DIRECTIONS:
Please return the full listing exactly as written, with the images removed.

====== PROVIDED DATA

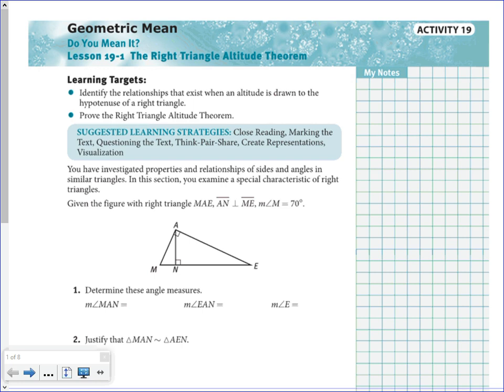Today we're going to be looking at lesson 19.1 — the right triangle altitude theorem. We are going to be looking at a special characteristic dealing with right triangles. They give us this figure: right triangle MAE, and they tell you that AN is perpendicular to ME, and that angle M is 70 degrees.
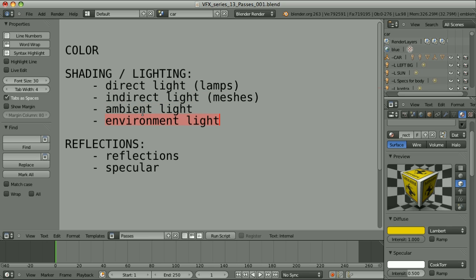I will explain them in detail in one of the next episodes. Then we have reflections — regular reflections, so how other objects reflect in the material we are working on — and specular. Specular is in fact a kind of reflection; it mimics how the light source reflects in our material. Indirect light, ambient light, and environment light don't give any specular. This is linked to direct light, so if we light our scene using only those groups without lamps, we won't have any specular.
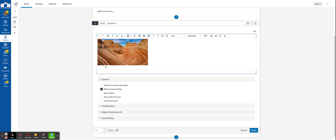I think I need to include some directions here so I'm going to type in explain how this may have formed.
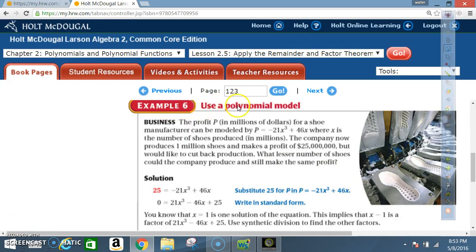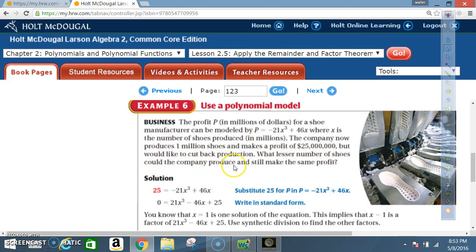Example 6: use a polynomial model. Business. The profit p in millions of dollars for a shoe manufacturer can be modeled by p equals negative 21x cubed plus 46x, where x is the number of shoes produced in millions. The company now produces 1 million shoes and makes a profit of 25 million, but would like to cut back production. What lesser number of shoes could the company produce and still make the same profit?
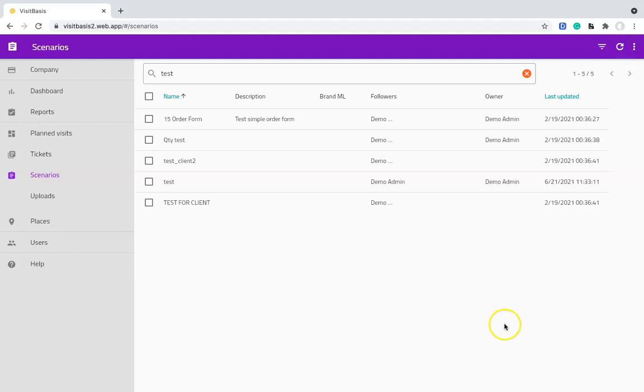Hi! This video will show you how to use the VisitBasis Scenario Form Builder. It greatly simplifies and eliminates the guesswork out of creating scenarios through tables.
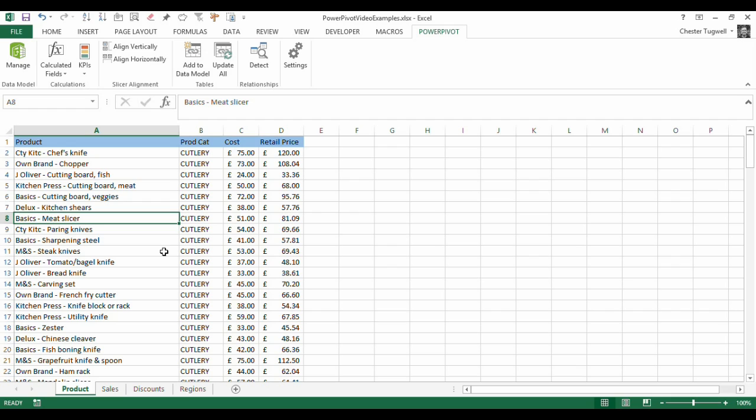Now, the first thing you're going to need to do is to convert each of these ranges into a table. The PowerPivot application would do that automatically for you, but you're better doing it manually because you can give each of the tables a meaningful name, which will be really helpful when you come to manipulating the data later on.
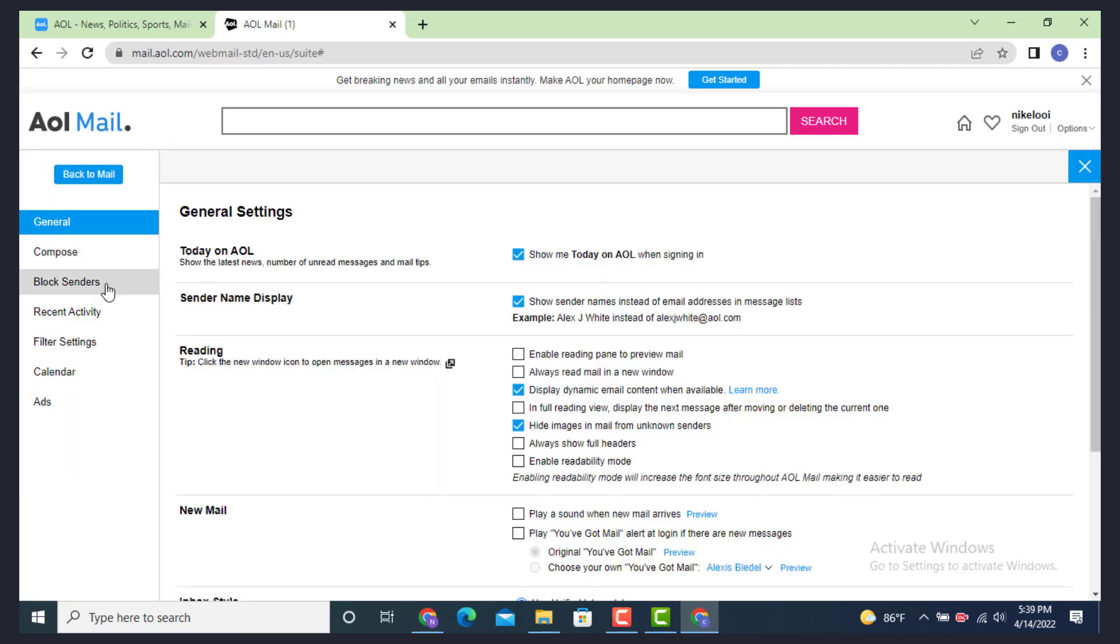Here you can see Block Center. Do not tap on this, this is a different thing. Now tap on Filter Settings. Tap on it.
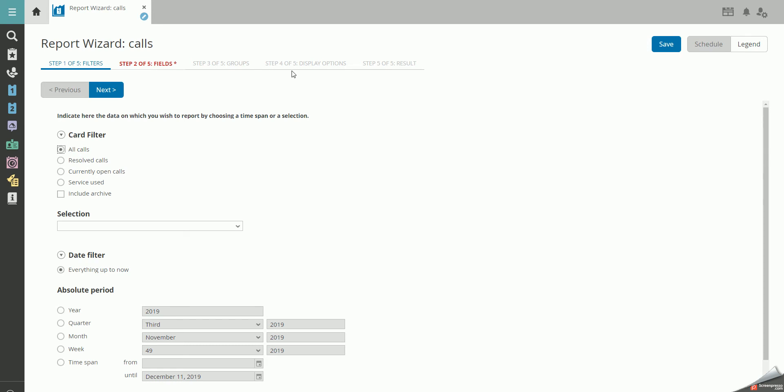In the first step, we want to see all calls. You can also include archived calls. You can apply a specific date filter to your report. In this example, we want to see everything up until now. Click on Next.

============

FINAL ANSWER:
Today we're going to be looking at lesson 19.1 — the right triangle altitude theorem. We are going to be looking at a special characteristic dealing with right triangles. They give us this figure: right triangle MAE, and they tell you that AN is perpendicular to ME, and that angle M is 70 degrees.
I will explain them in detail in one of the next episodes. Then we have reflections — regular reflections, so how other objects reflect in the material we are working on — and specular. Specular is in fact a kind of reflection; it mimics how the light source reflects in our material. Indirect light, ambient light, and environment light don't give any specular. This is linked to direct light, so if we light our scene using only those groups without lamps, we won't have any specular.
I think I need to include some directions here so I'm going to type in explain how this may have formed.
Example 6: use a polynomial model. Business. The profit p in millions of dollars for a shoe manufacturer can be modeled by p equals negative 21x cubed plus 46x, where x is the number of shoes produced in millions. The company now produces 1 million shoes and makes a profit of 25 million, but would like to cut back production. What lesser number of shoes could the company produce and still make the same profit?
Hi! This video will show you how to use the VisitBasis Scenario Form Builder. It greatly simplifies and eliminates the guesswork out of creating scenarios through tables.
Now, the first thing you're going to need to do is to convert each of these ranges into a table. The PowerPivot application would do that automatically for you, but you're better doing it manually because you can give each of the tables a meaningful name, which will be really helpful when you come to manipulating the data later on.
Here you can see Block Center. Do not tap on this, this is a different thing. Now tap on Filter Settings. Tap on it.
In the first step, we want to see all calls. You can also include archived calls. You can apply a specific date filter to your report. In this example, we want to see everything up until now. Click on Next.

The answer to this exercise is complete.